September 10, 2013

HTTP/2.0 worries

I tried to explain HTTP/2.0 in my previous post. This post notes some nagging worries about HTTP/2.0 going forward. Maybe these are nonsense, but ... tell me why I'm wrong ....

Faster is better, but faster for whom?

It should be no surprise that using software is more pleasant when it responds more quickly.  But the effect is pronounced and the difference between "usable" and "just frustrating".  For the web, the critical time is between when the user clicks on a link and the results are legible and useful. Studies (and others) show that improving page load time has a significant effect on the use of web sites.  And a primary component of web speed is the network speed: not just the bandwidth but, for the web, the latency. Much of the world doesn't have high-speed Internet, and the web is often close to unusable.

The problem is -- faster for whom? In general, when optimizing something, one makes changes that speed up common cases, even if making uncommon cases more expensive. Unfortunately, different communities can disagree about what is "common", depending on their perspective.

Clearly, connection multiplexing helps sites that host all of their data at a single server more than it helps sites that open connection to multiple systems.

It should be a good thing that the protocol designers are basing optimizations by measuring the results on real web sites and real data. But the data being used risks a bias; so far little of the data used has been itself published and results reproduced. Decisions in the working group are being made based on limited data, and often are not reproducible or auditable.

Flow control at multiple layers can interfere

This isn't the first time there's been an attempt to revise HTTP/1.1; the HTTP-NG effort also tried. One of the difficulties with HTTP-NG was that there was some interaction between TCP flow control and the framing of messages at the application layer, resulting in latency spikes.  And those working with SPDY report that SPDY isn't effective without server "prioritization", which I understand to be predictively deciding which resources the client will  need first, and returning their content chunks with higher priority for being sent sooner.
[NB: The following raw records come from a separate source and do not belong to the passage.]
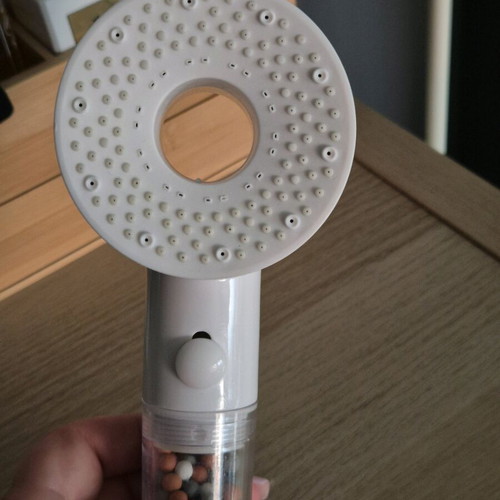 Bathroom shower head with filter and flow functions like new, white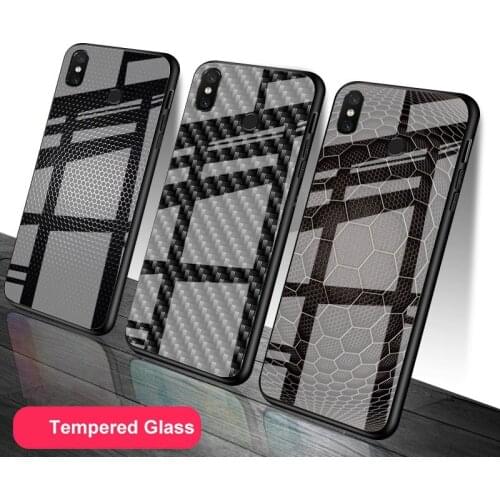 Car carbon fibre Tempered Glass Phone Case For Redmi Note 5 6 7 8 9 Pro Note8T Note9S Redmi8 9 Cover Shell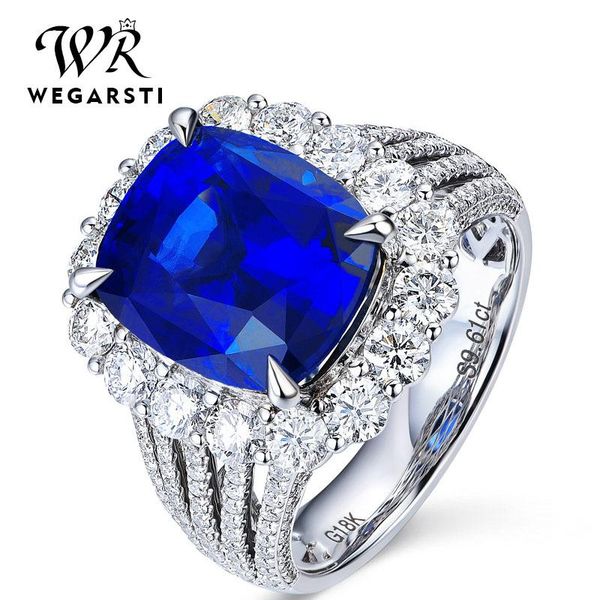 

cluster rings wegarsti simulated emerald ring 925 sterling silver for women engagement gemstones fashion jewelry 2021, Golden;silver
While some servers have added such facilities for prioritization and prediction, those mechanisms are unreported and proprietary.

Forking  

While HTTP/2.0 started with SPDY, SPDY development development continues independently of HTTP/2.0. While the intention is to roll good ideas from SPDY into HTTP/2.0, there still remains the risk that the projects will fork. Whether the possibility of forking is itself positive or negative is itself controversial, but I think the bar should be higher.

Encryption everywhere 

There is a long-running and still unresolved debate around the guidelines for using, mandating, requiring use of, or implementation of encryption, in both HTTP/1.1 and HTTP/2.0. It's clear that HTTP/2.0 changes the cost of multiple encrypted connections to the same host significantly, thus reducing the overhead of using encryption everywhere: Normally, setting up an encrypted channel is relatively slow, requiring a lot more network round trips to establish. With multiplexing, the setup cost only happens once, so encrypting everything is less of a problem.
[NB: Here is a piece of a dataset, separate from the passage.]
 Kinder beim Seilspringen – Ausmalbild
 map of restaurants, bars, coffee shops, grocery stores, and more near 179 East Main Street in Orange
But there are a few reasons why that might not actually be ideal. For example, there is also a large market for devices which monitor, adjust, redirect or otherwise interact with unencrypted HTTP traffic; a company might scan and block some kinds of information on its corporate net. Encryption everywhere will have a serious impact for sites that have these interception devices, for better or worse. And adding encryption in a situation where the traffic is already protected is less than ideal, adding unnecessary overhead.
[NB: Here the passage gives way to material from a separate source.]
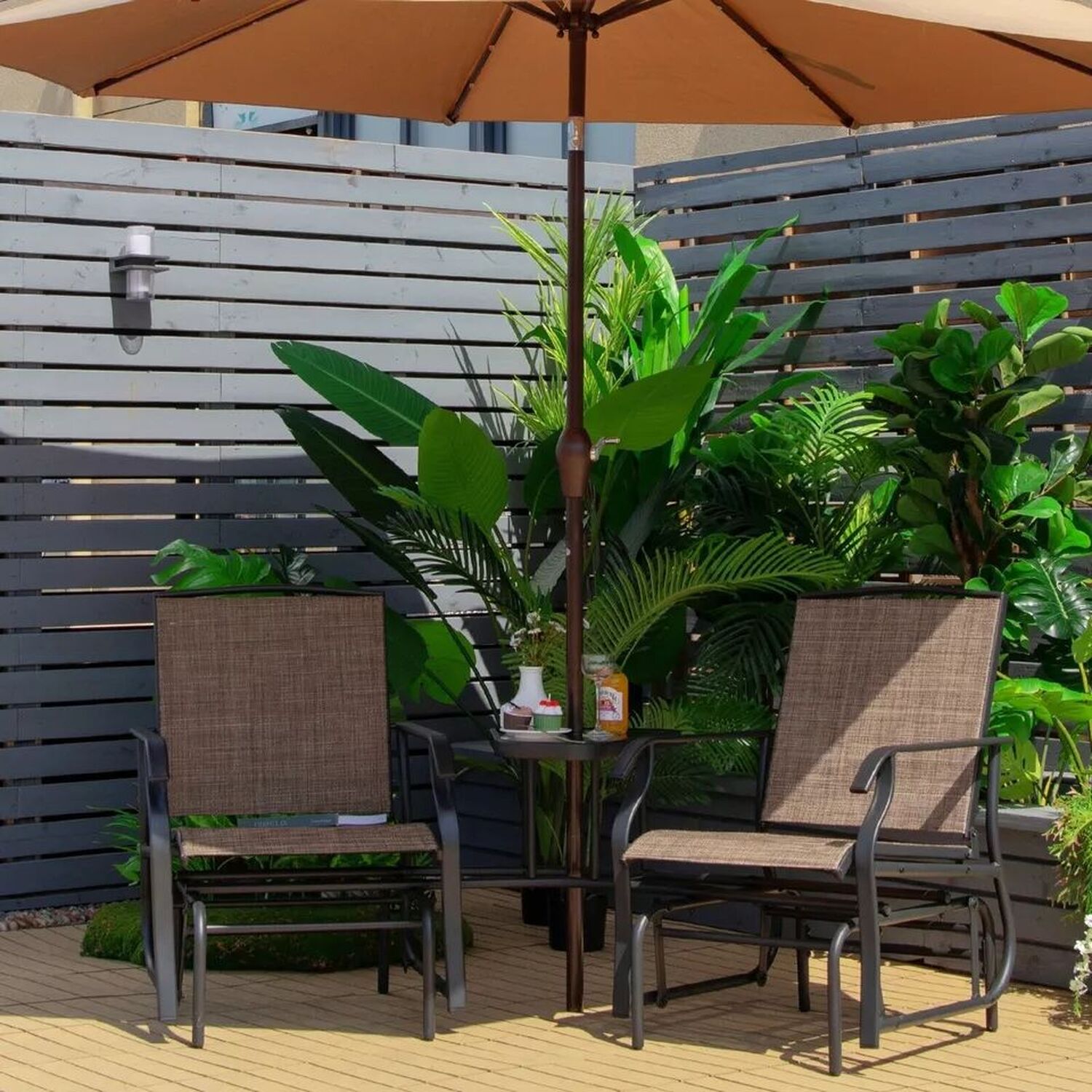 Rocking Garden Bistro Set Chair And Table With Hole For Umbrella - Brown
In any case, encryption everywhere might be more feasible with HTTP/2.0 than HTTP/1.1 because of the lower overhead, but it doesn't promise any significant advantage for privacy per se.

Need realistic measurement data

To insure that HTTP/2.0 is good enough to completely replace HTTP 1.1, it's necessary to insure that HTTP/2.0 is better in all cases. We do not have agreement or reproducable ways of measuring performance and impact in a wide variety of realistic configurations of bandwidth and latency. Measurement is crucial, lest we introduce changes which make things worse in unanticipated situations, or wind up with protocol changes that only help the use cases important to those who attend the meetings regularly and not the unrepresented.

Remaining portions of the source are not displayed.